Collection: workflows

_id (int)

unique identifier

username (str)

user who executed the workflow

creation_time (str)

time of creation of the workflow

parameters (dict)

workflow-specific parameters

name (str)

custom name of workflow

workflow_type (str)

custom type of workflow

Collection: machine_learning

_id (int)

unique identifier

workflow_id (int)

ID of workflow which the machine learning run was part of

method (str)

name of the ML method: krr, nn, …

method_params (dict)

Parameters of the method

descriptor (str)

name of the descriptor: soap, mbtr, cm, …

descriptor_params (dict)

Parameters of the descriptor used

training_set (int[])

list of simulation IDs used for training

validation_set (int[])

list of simulation IDs used in validation. If empty, cross-validation was used.

test_set (int[])

list of simulation IDs used in testing. If empty, only validation was used

prediction_set (int[])

list of simulation IDs used for prediction.

metrics_training (dict)

dictionary of (“metric name”: value) on training set key: string = name of the metric value: float = calculated value

metrics_validation (dict)

dictionary of (“metric name”: value) on validation set key: string = name of the metric value: float = calculated value

metrics_test (dict)

dictionary of (“metric name”: value) on test set key: string = name of the metric value: float = calculated value

output (dict)

relevant training output info

Ideally, method name corresponds to a python class/function in the platform, that is initialised with the parameter dictionary given in method_params. Similarly, descriptor name also matches a python class, to be initialised with its own given set of parameters, descriptor_params.

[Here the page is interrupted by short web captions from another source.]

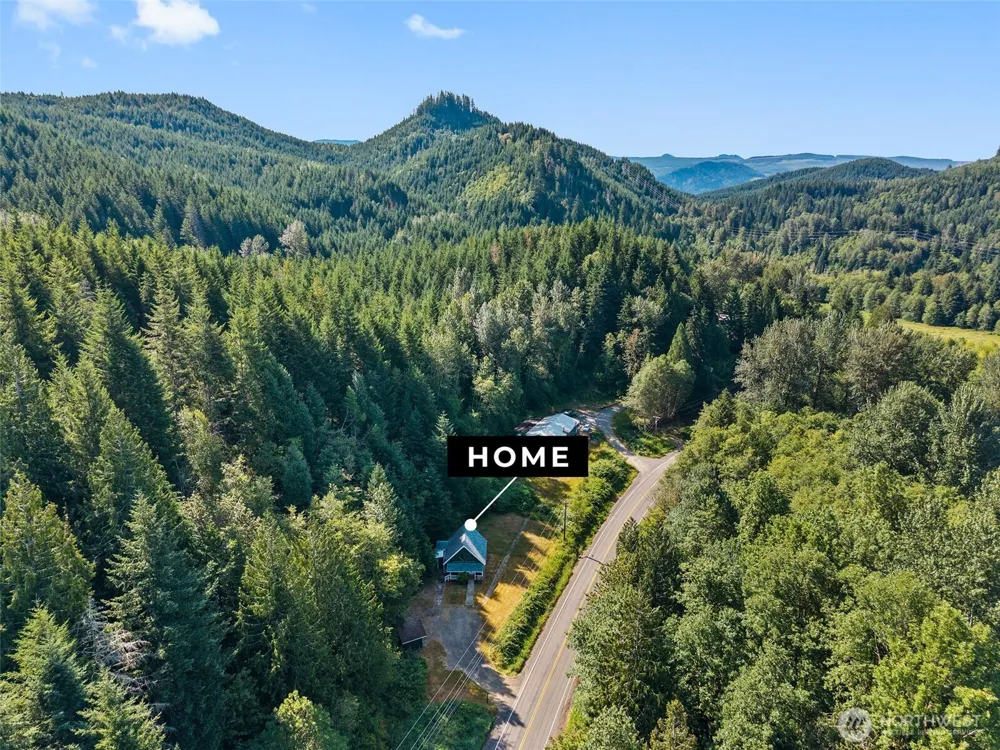 995 Davis Lake Road Morton, WA 98356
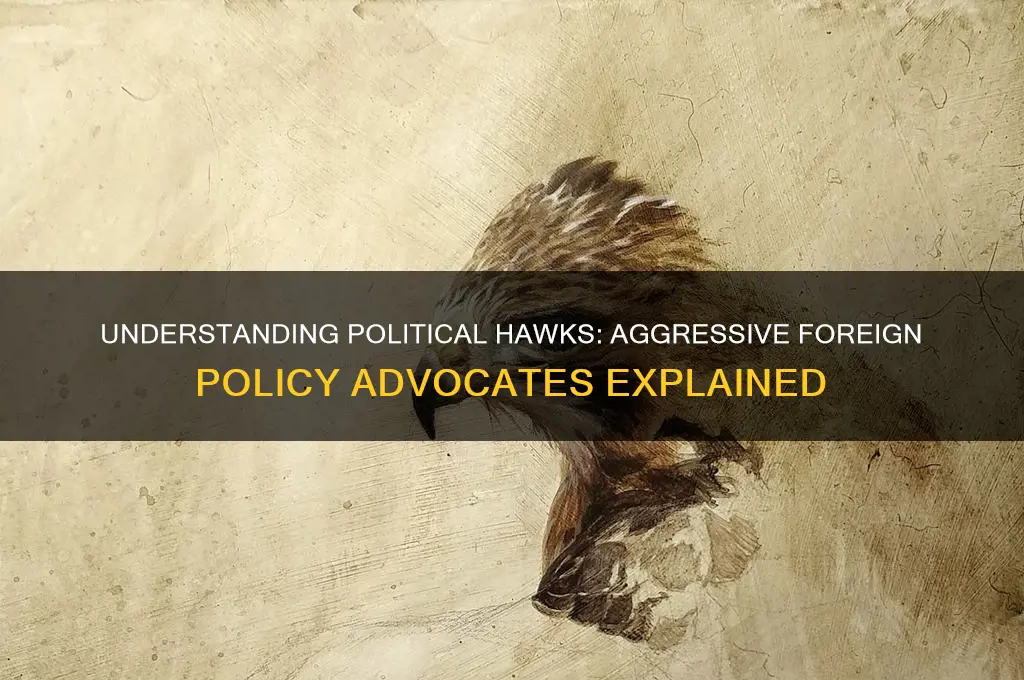 what is a political hawk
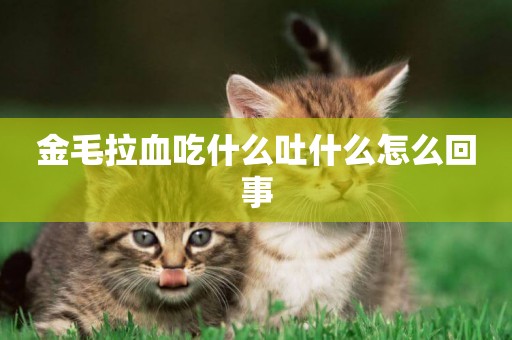 金毛拉血吃什么吐什么怎么回事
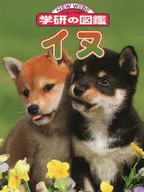 Dog (New Wide Institute of Science and Technology)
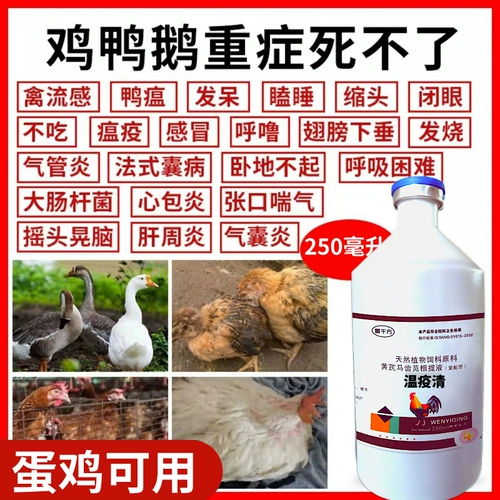 Чума прозрачная курица питательная курица вакцина Специальная утиная гусь защитная птица Список птицы Kedo Star популярность холодного зверя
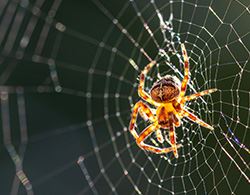 Spiders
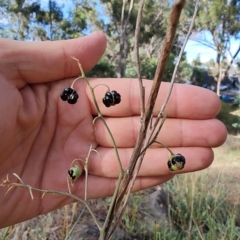 Dianella tarda (Late-flower Flax-lily) at Castlemaine, VIC - 26 Feb 2024 by geordiesw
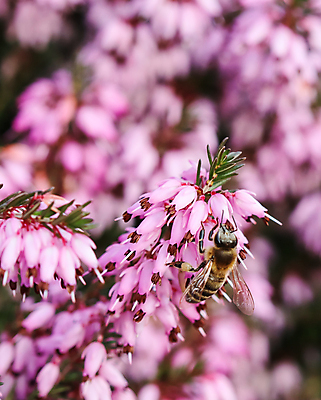 포토 JPG 해외이미지 식물 계절 꽃잎 꽃 분홍색 백그라운드 겨울 꽃무늬 자연 휴가 사람없음 야외 환경 정원 맑음 보라색 봄 성장 벚꽃 나뭇가지 신선 작업 개화 4월 원예 상록수 내추럴 해외포토 나무 컬러 무늬 날씨 취미 날짜 생태계 파일형식 이미지허브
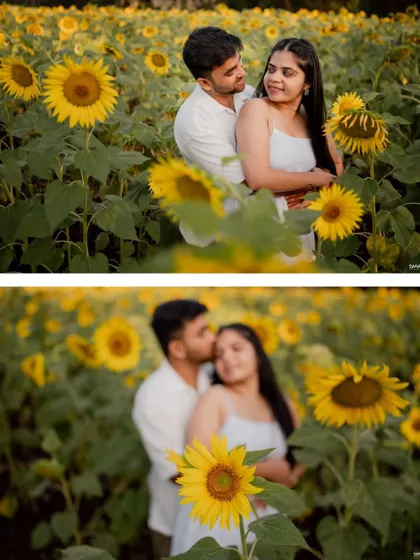 A collage of romantic moments in a sunflower field, including a gentle kiss on the cheek, showcasing the tender connection between the couple.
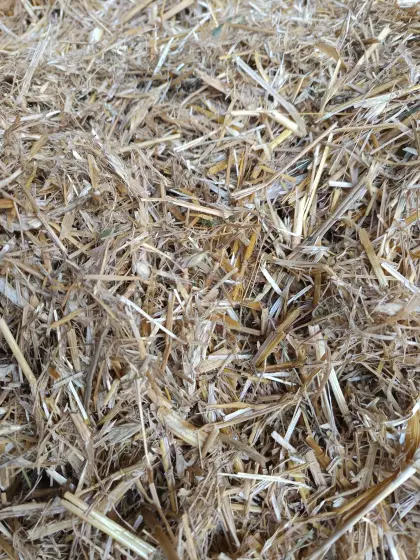 Stroh in Quaderballen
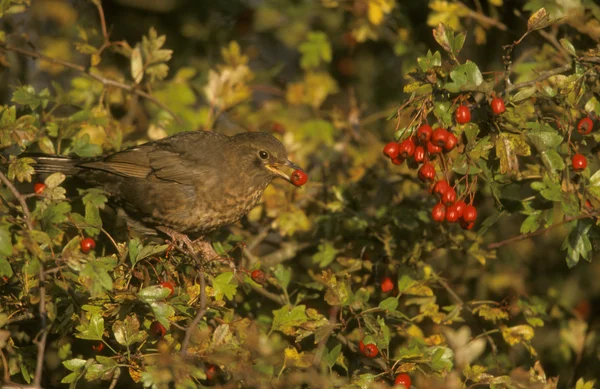 Feketerigó (turdus merula) — Stock Fotó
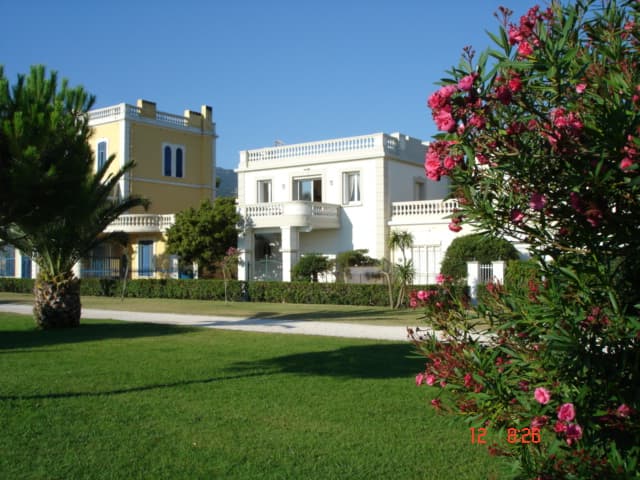 DSC01147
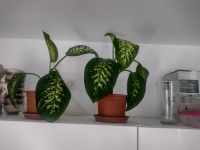 Pflanze Dieffenbachia Hessen - Wiesbaden Vorschau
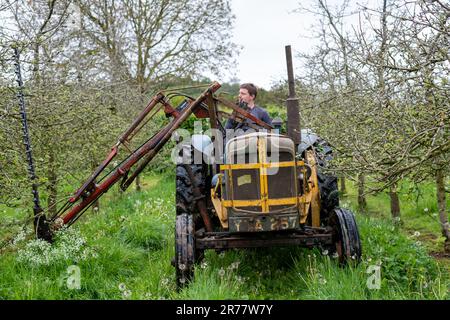 Pitney.Somerset.United Kingdom.Mai 8. 2023.Ein 1957 Fordson Major mit einer antiken Heckenschere wird verwendet, um den Apfelbaum mechanisch in einem modifizierten Stockfoto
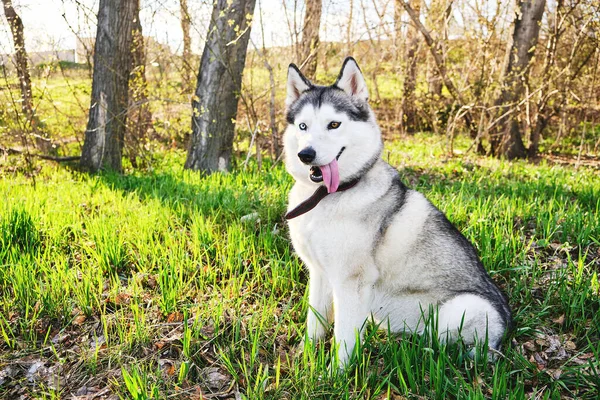 Husky Cão Com Diferentes Olhos Azuis Marrons Está Sentado Parque — Fotografia de Stock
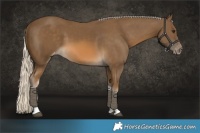 Horse Color:Chocolate Palomino Tobiano Varnish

The field output is a dictionary with all the useful output values from the calculation.

Custom Type: ATOMS

A dictionary for describing atoms in a system, conceptually close to ase.Atoms object:

numbers (int[])

list of atomic numbers as numpy array [N] of ints

positions (float[N,3])

positions as numpy matrix [Nx3] of doubles

constraints (int[N,3])

frozen flags a matrix [Nx3] of int [optional] 1 = frozen, 0 = free

pbc (bool)

use periodic boundaries

cell (float[3,3])

matrix 3x3 with cell vectors on the rows

celldisp (float[3,1])

displacement of cell from origin

info (dict)

field for additional information related to structure

The order of atoms in this dictionary is the one found in the simulation input file.

Custom Type: ADSORBATE

reference_id (int)

ID of the simulation to use as reference

atom_ids (int[])

atom indices in the ATOMS dictionary of the simulation record

site_class (str)

class of adsorption site: “top”, “bridge”, “hollow”, “4-fold hollow”

site_ids (int[])

list of atom ids (in simulation record) that define the adsorption site

Custom Type: NANOCLUSTER

In general, simulation.nanoclusters is a list of dictionaries with this structure.

reference_id (int)

ID of the simulation where this cluster was made, -1 if original

atom_ids (int[])

atom indices in the ATOMS dictionary of the simulation record

Custom Type: SUBSTRATE

reference_id (int)

ID of the parent support simulation, -1 if no parent

atom_ids (int[])

atom indices in the corresponding ATOMS dictionary. See below

Database query examples

A few examples how to query that database are given in the gui/ folder on the github repository.